# What is being asked
Look below for the line with "Vince Selene Crossover"; begin the copy there and stop after the line with "Fashion White Printed", keeping the text exact and the pictures out.

# Data records

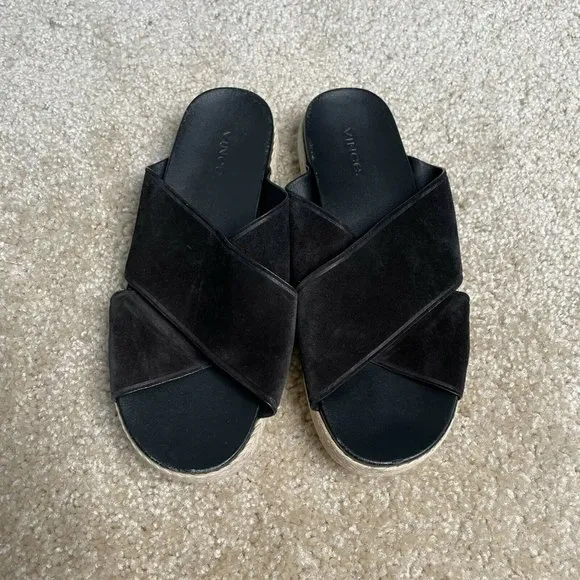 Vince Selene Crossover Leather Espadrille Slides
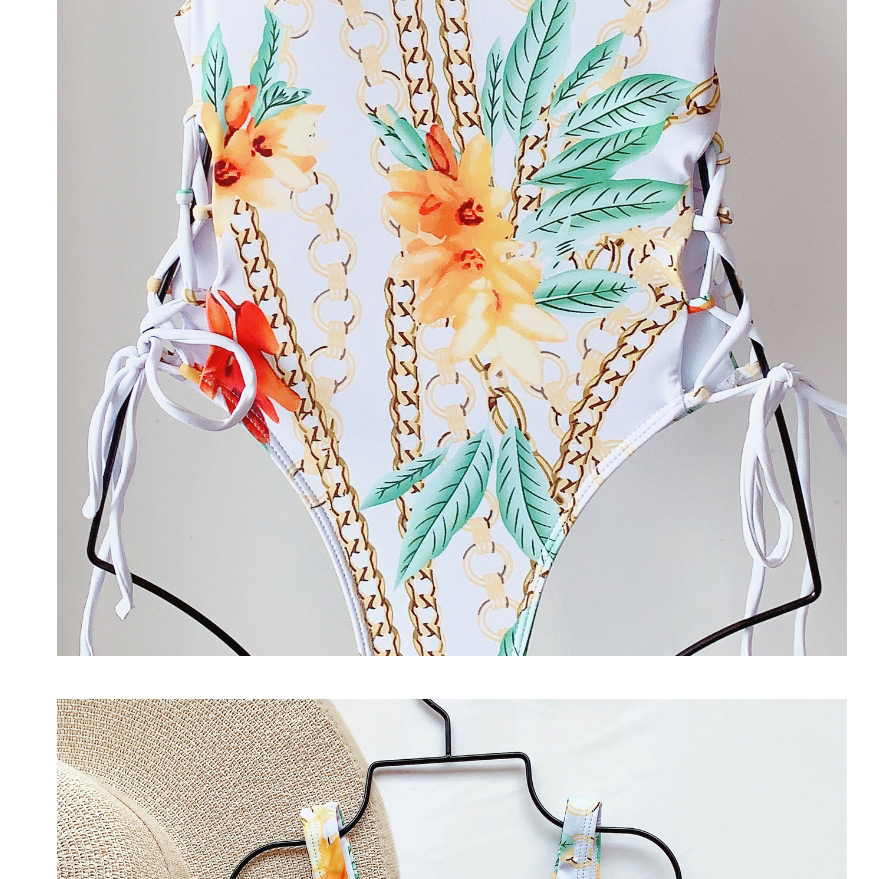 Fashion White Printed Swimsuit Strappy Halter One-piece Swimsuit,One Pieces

--

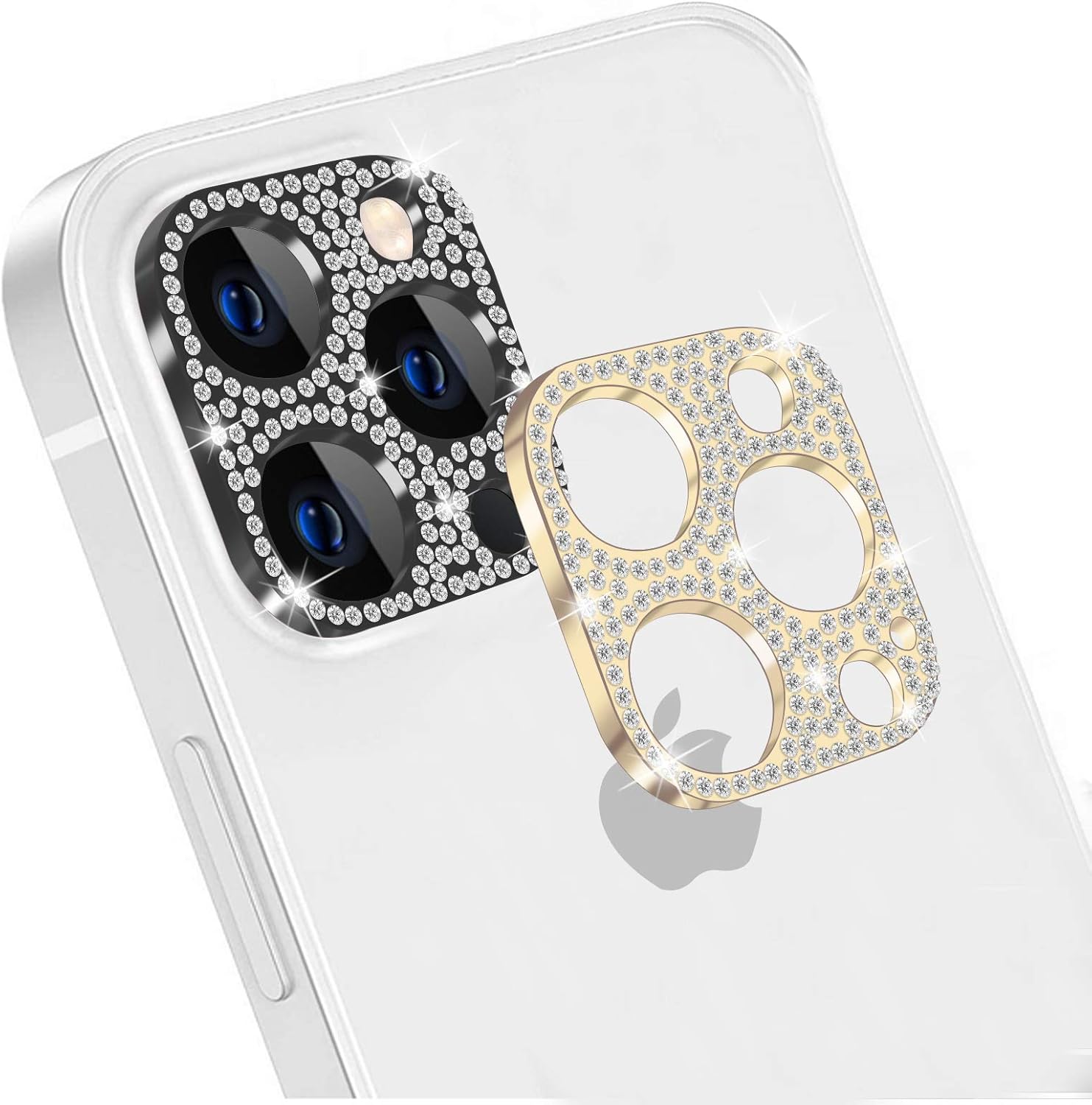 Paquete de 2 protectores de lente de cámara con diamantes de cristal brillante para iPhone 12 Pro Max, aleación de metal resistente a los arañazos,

...

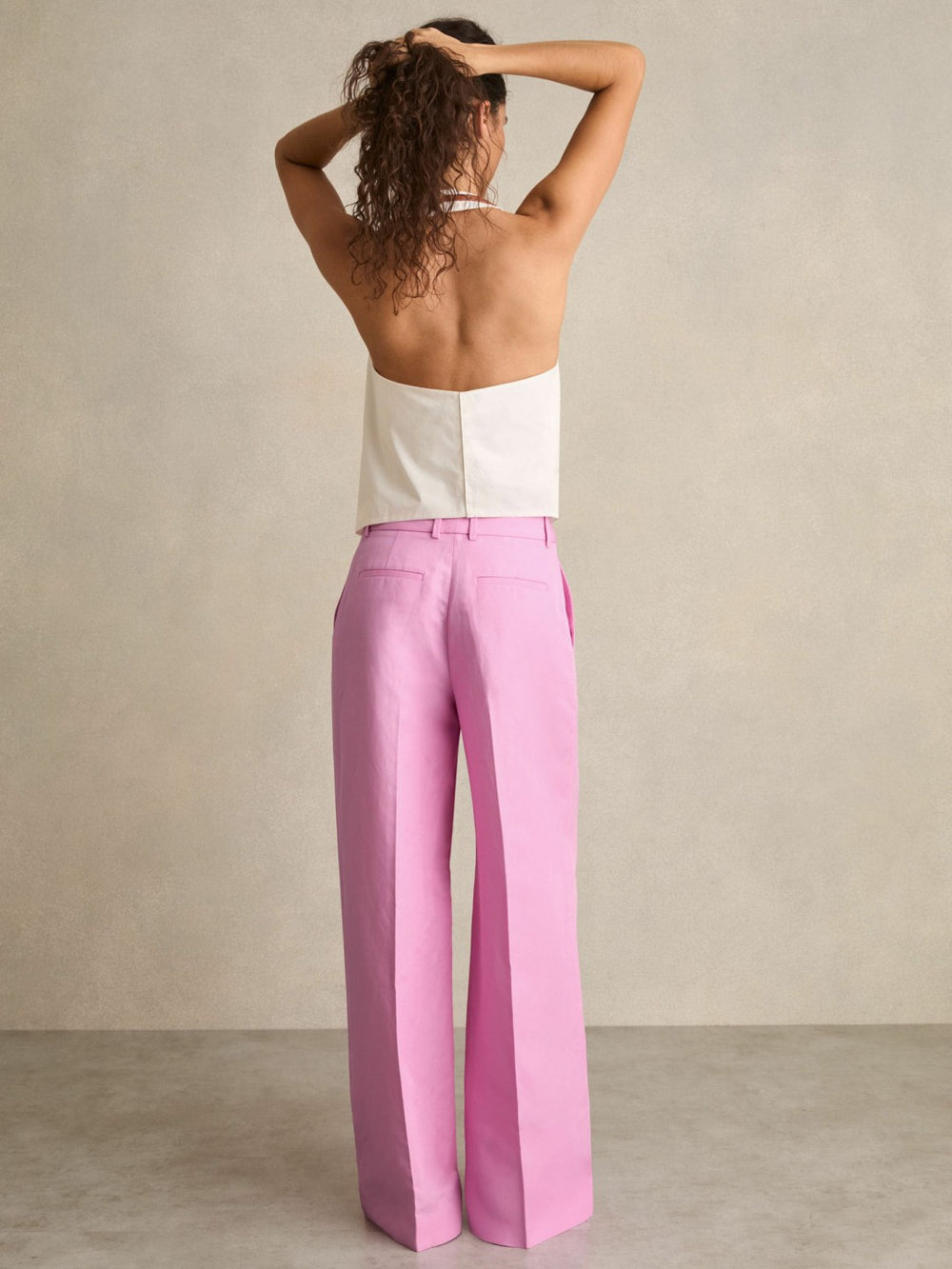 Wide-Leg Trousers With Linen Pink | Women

# Result for this exercise
 Vince Selene Crossover Leather Espadrille Slides
 Fashion White Printed Swimsuit Strappy Halter One-piece Swimsuit,One Pieces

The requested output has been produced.